Continued Impact of Adulterants on Public Health and Safety
These products have continued to be marketed with the intent to beat a drug test and are used with a “catch me if you can” attitude by donors who use illicit drugs and want to continue that illicit drug use while engaged in a public health and safety sensitive job. Today the open marketplace for products to beat a drug test, whether for urine, hair, or oral fluid tests, is perhaps more guarded and crafty, but still thriving. Products and suppliers are readily available, as is the information about the use of these products. As noted previously, the Internet has continued to serve as a primary tool to advertise, market, and provide testimonials as to just how effective these products are, in addition to serving as a point of purchase.
The Next Marketing Opportunity for Adulterant Sales
By 2004, SAMHSA’s knowledge of the multitude of products available to beat drug tests compelled the Agency to consider adding specimen validity testing requirements for hair, oral fluid, and sweat because products were being openly marketed and sold to beat any drug test, no matter what specimen was collected.
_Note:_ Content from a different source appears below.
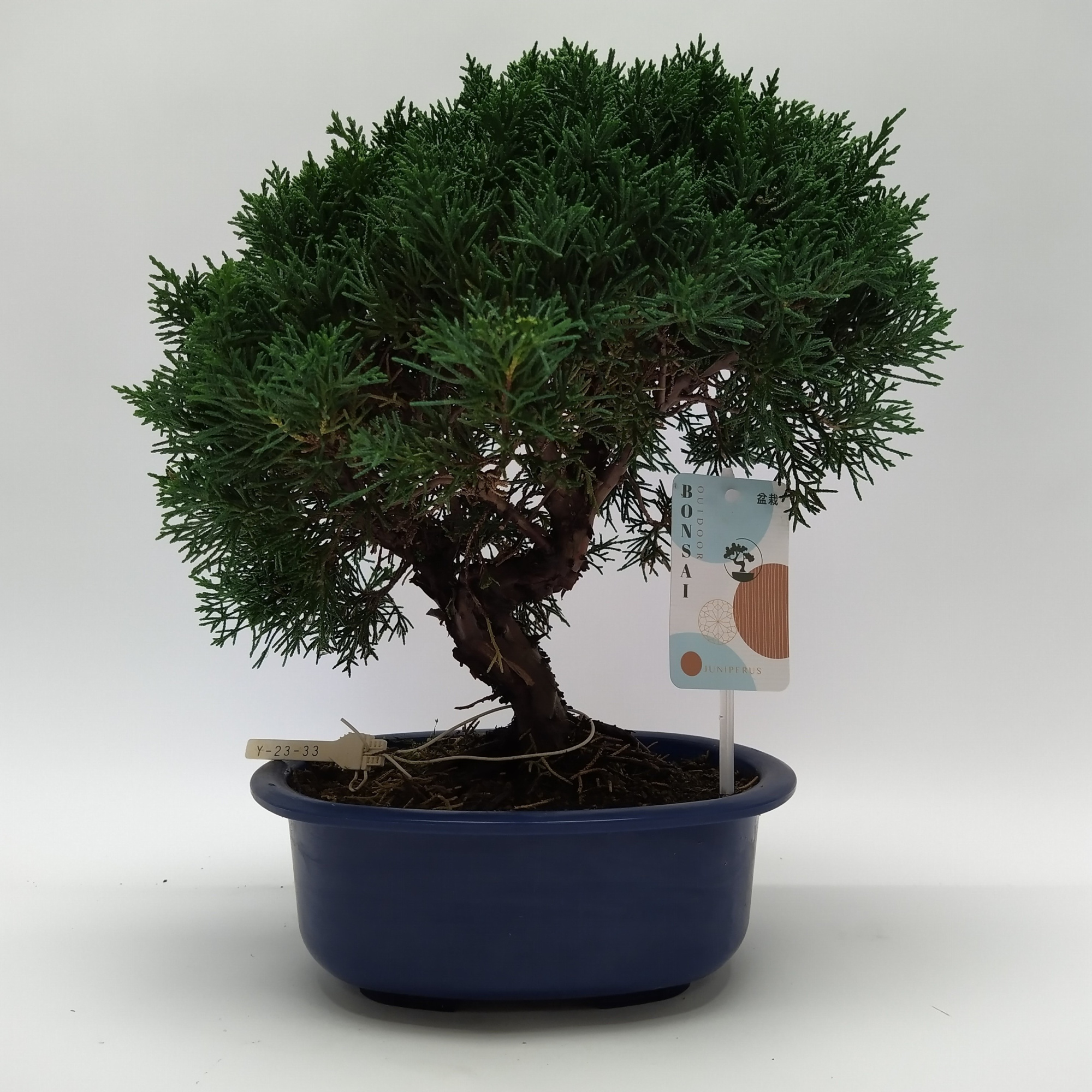 Juniperus Kishu Bonsai 21 cm (herkomst: Japan), D 21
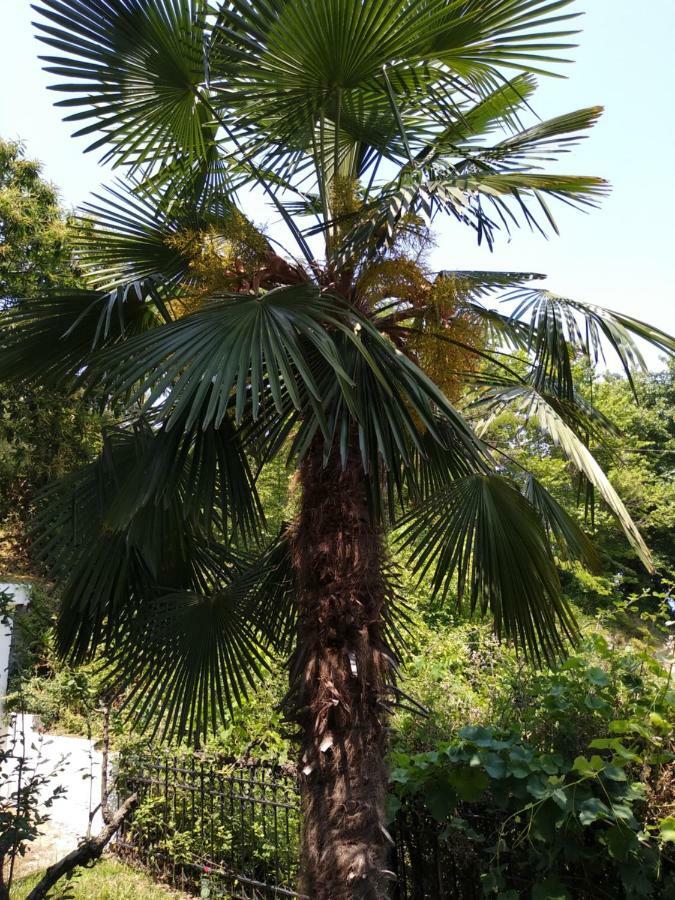 Villa Eleni Agnanti Ano Stavros Buitenkant foto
By 2005, there were seven products designed and marketed to remove drugs from hair, and there were four products designed and marketed to remove drugs from oral fluid.
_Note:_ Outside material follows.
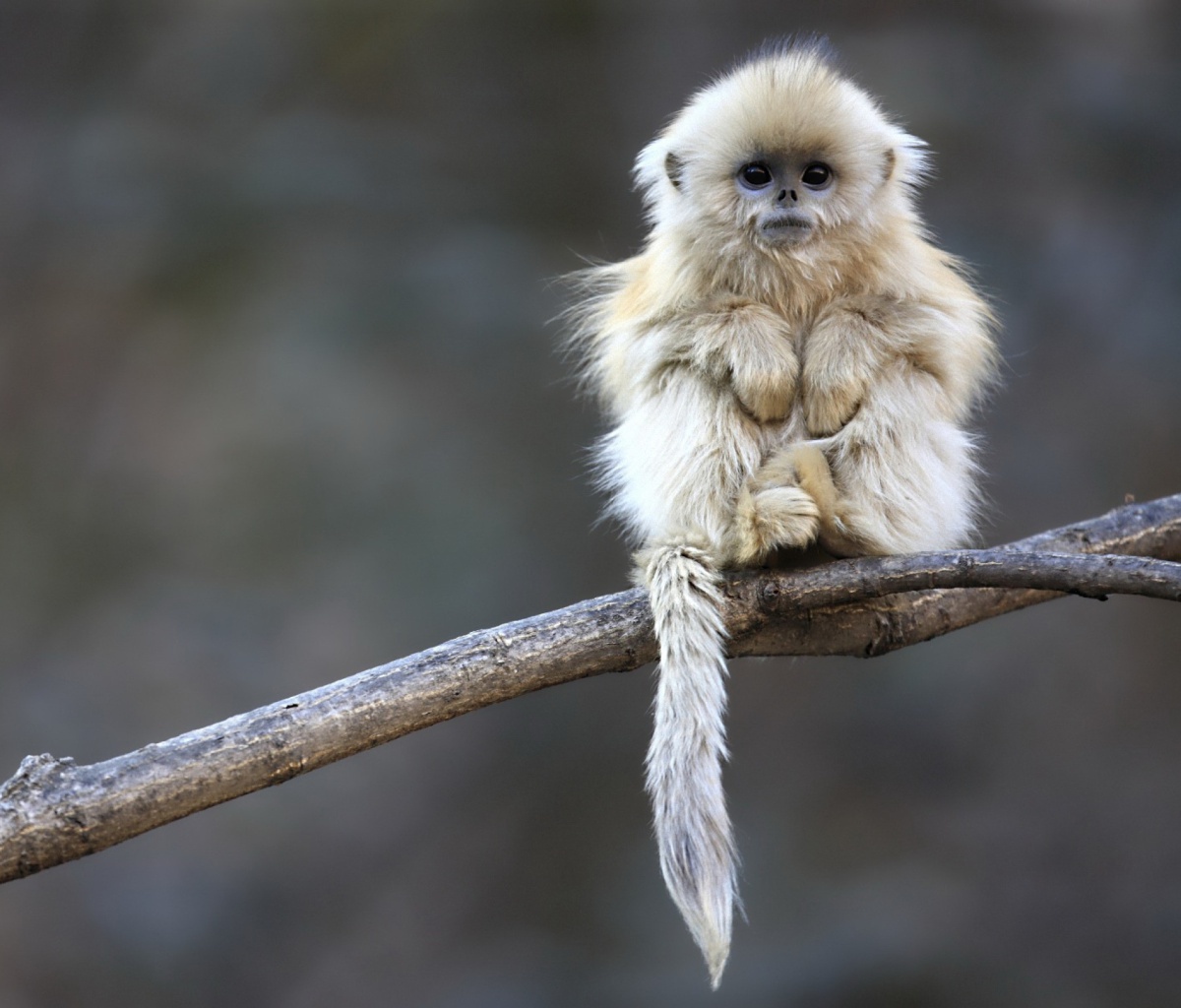Cute Baby Monkeys Hd Wallpapers in Animals Imagescicom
This year, the number and identity of new or continuously marketed adulteration products for urine, oral fluid, sweat, or hair specimens are not known by this office. However, we believe that recent increases in use of alternative specimen drug testing by commercial testing laboratories will likely create strong financial incentives for manufacturers and marketers to sell these kinds of products to current and future users of illicit drugs.
Conclusion
In closing, I want to repeat my earlier concern that although there were relatively few Federal agency employee specimens reported in Fiscal Year 2003 as adulterated, substituted, and invalid, there is a continuing concern about the significant increase in invalid specimens identified through 2006. We believe that there may also be an increase in the use of non-urine and “clean urine” substitutions to foil workplace drug testing programs. It is important to remember that, although the numbers remain a very small percentage of the total tested, every one of those adulterated, substituted, and invalid tests represents a potential threat to national security and/or public safety.
Thank you for the opportunity to provide this information to you. I would be happy to answer any questions you may have.